The Broward Sheriff's Office stated in its timeline that the suspect, 19-year-old expelled student Nikolas Cruz, dropped his AR-15 rifle and left the building at roughly 2:28 pm. Five minutes later (11 minutes after the massacre began) police made their first entry into the building.

Peterson's attorney has called criticism of the deputy unfair and unfounded. He said in a statement that Peterson thought shots were coming from outside, a belief supported by "radio transmissions [which] indicated that there was a gunshot victim in the area of the football field."

The attorney said Peterson did what he was trained to do in outdoor-gunfire situations: take a tactical position and seek cover. He said Sheriff Israel's account condemning Peterson was a "gross oversimplification" of the deputy's response to the shooting.

Sheriff Israel suspended Peterson, a 30-year law enforcement veteran, after the shooting, and said he was "disheartened" and "demoralized" by the deputy's decision not to enter the building.

The sheriff's office has a pending internal investigations into Peterson's actions. It is also reviewing the response (or lack thereof) to prior calls to the sheriff's department in the past two years that warned Cruz was unhinged and may carry out an attack on a school.

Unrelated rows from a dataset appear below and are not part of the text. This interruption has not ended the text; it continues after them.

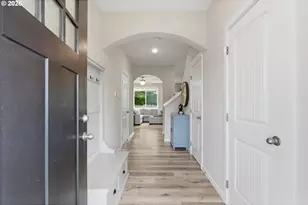 21180 Peyton Cir, Aurora, OR 97002 - Photo 2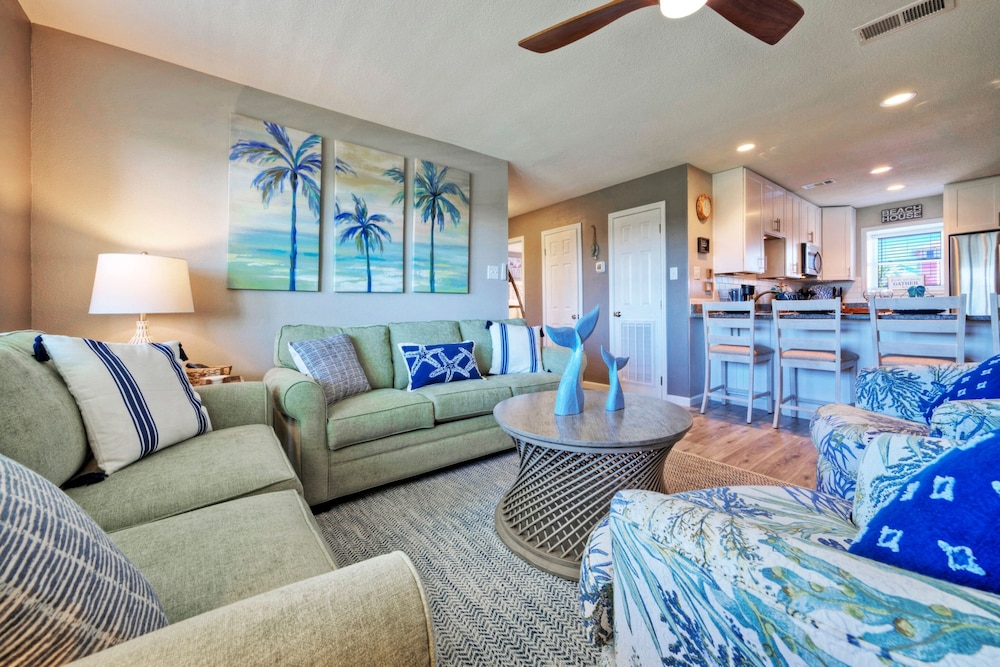 Blue Water Bliss by Avantstay Boardwalk to Beach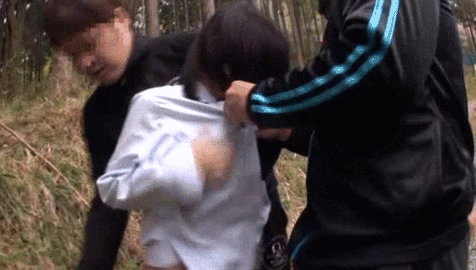 ど田舎の女子中学生が林道でDQNに襲われ中出しされる集団野外レイプGIF画像が衝撃的すぎるｗｗｗｗ その3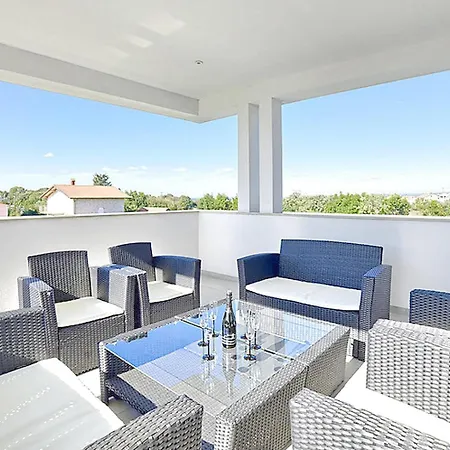 Splendid Holiday Homepula Holiday home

Meanwhile, a large contingent of press outlets are seeking status as intervenors in the criminal case for the sake of ensuring court filings remain in public view. The outlets decried an early confidentiality order issued in regards to a defense motion, which purportedly pertained to Cruz's attorneys' access to him in prison.

Cruz's public defender, Melisa McNeill, has asked the court for a protective order to prevent the disclosure of Cruz's medical records, in light of the release of  "inmate behavior observation reports" on Cruz to media. McNeil claims the reports were improperly sent to CNN in response to the outlet's public records request.

Cruz is facing the death penalty on 17 counts of first-degree murder. He is also charged with 17 counts of attempted murder.